The researchers, from ESPCI ParisTech and the Polytechnic School in Palaiseau, experimented with small plastic balls launched by a slingshot into a pool of water to investigate how drag affects a spinning ball traveling through a medium such as water or air.

What they found was that spinning balls follow a kind of circular arc as they slow from drag forces and are pushed from a linear path by the so-called Magnus effect, which gives spinning bodies such as Major League curveballs their arcing trajectory. But the ball's velocity decreases more quickly than its spin rate, and at a certain point the spin becomes dominant in guiding the path of the ball, producing a sudden and dramatic curvature in the ball's trajectory [see photograph above]. (The basic concept is not entirely new; a 1998 Physics World article on soccer physics invoked golf-ball research from the 1970s to describe the phenomenon.) The point at which that spiraling curl takes place depends on a number of factors, including the size, density, velocity and spin of the ball, as well as the density of the surrounding fluid, whether air or water.

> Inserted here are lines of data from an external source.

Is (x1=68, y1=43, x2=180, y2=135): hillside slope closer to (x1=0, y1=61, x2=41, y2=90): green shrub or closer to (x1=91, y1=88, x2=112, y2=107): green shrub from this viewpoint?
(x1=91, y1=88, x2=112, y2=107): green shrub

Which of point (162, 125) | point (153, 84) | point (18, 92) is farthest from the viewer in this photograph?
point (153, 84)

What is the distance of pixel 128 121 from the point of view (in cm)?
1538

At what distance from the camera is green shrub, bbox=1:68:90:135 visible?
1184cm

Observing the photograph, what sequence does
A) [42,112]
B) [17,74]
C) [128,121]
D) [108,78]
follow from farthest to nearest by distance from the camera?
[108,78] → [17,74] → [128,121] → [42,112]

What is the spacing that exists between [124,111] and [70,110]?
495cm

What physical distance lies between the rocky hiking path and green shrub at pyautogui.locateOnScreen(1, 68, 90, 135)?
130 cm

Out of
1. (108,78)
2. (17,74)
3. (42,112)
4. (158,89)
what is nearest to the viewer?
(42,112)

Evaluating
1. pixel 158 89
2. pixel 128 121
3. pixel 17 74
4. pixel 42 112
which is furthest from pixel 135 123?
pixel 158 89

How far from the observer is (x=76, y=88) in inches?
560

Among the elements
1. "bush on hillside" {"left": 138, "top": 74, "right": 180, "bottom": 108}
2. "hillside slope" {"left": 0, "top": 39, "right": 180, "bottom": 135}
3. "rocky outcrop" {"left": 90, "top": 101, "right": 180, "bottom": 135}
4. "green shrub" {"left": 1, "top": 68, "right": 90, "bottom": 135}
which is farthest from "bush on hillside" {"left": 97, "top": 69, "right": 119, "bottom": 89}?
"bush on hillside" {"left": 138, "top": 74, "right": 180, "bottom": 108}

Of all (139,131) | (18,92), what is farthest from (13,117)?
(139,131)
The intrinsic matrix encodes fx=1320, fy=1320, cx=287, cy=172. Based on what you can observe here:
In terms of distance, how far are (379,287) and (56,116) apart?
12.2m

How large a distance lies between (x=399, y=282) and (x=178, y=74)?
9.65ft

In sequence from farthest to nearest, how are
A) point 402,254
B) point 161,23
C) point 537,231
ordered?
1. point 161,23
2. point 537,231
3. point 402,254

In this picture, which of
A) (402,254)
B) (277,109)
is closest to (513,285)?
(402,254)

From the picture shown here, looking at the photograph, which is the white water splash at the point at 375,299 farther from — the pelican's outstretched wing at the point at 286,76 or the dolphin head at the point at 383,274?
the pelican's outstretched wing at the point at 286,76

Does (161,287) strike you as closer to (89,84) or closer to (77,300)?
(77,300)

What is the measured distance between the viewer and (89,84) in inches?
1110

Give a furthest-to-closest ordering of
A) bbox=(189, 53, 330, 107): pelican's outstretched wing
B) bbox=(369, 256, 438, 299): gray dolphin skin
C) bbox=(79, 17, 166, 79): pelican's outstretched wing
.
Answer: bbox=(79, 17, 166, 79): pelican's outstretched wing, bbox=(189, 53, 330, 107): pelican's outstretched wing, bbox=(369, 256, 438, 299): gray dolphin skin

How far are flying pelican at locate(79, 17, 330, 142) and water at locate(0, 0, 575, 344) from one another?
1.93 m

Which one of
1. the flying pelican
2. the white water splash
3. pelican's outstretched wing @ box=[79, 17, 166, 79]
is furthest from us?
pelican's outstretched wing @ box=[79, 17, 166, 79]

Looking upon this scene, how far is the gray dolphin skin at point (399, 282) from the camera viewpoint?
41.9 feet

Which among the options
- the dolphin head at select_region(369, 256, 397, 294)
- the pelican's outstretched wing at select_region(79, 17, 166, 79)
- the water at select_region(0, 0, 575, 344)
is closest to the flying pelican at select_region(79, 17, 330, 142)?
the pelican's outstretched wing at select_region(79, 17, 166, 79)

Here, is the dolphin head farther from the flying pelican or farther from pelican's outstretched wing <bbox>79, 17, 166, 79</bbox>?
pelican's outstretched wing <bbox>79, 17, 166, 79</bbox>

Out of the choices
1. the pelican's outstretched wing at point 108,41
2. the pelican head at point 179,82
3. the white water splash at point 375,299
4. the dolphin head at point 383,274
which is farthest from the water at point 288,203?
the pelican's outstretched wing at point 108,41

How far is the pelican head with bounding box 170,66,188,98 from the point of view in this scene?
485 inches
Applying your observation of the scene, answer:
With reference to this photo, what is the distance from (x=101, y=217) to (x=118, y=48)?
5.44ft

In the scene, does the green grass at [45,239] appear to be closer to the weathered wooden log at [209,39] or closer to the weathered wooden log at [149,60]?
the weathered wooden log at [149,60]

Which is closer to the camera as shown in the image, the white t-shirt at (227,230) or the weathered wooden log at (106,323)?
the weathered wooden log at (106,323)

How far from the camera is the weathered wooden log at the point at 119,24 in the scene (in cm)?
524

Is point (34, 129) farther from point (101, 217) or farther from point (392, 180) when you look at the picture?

For a well-struck soccer ball, the researchers estimate, one might expect a gentle arc followed by a sharp hook at about 50 meters—in rough agreement with the distance of Roberto Carlos's free kick. In other words, if a soccer player has the strength to drive a ball halfway down the field with plenty of velocity and spin, he or she can expect to benefit from an unexpected curve late in the ball's trajectory.

The news is not as encouraging for aspiring baseball pitchers: Although the Magnus effect works wonders for curveballs, the late-break motion described in the new study would not take effect on a hard-thrown baseball for 160 meters—roughly 10 times the distance between the pitcher's mound and home plate.